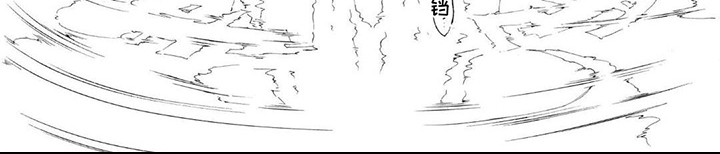 【葬列骑士】漫画-（第2章：吸收污秽）章节漫画下拉式图片-8.jpg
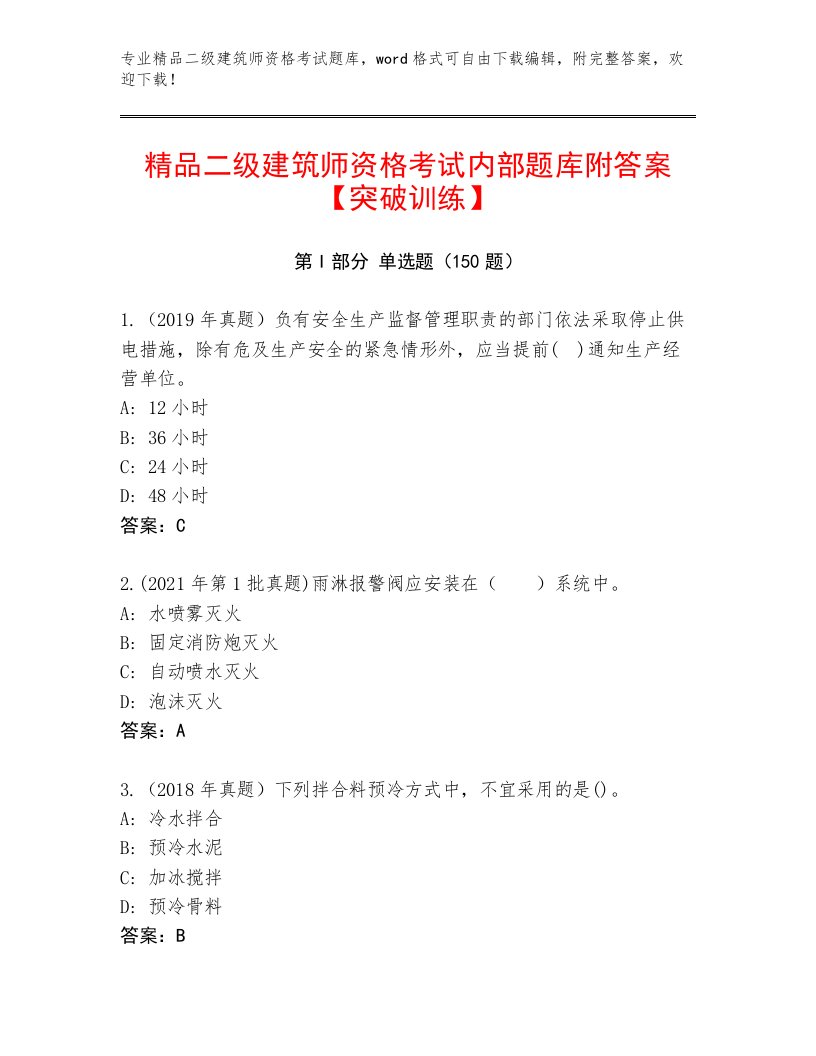 2023年最新二级建筑师资格考试题库带解析答案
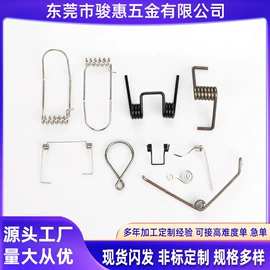 异形弹簧;压缩弹簧;拉伸弹簧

**WHAT YOU NEED TO DO**
Omit the pictures, then give all the lines above again exactly.

**TASK ANSWER**
 【葬列骑士】漫画-（第2章：吸收污秽）章节漫画下拉式图片-8.jpg
 2023年最新二级建筑师资格考试题库带解析答案
 异形弹簧;压缩弹簧;拉伸弹簧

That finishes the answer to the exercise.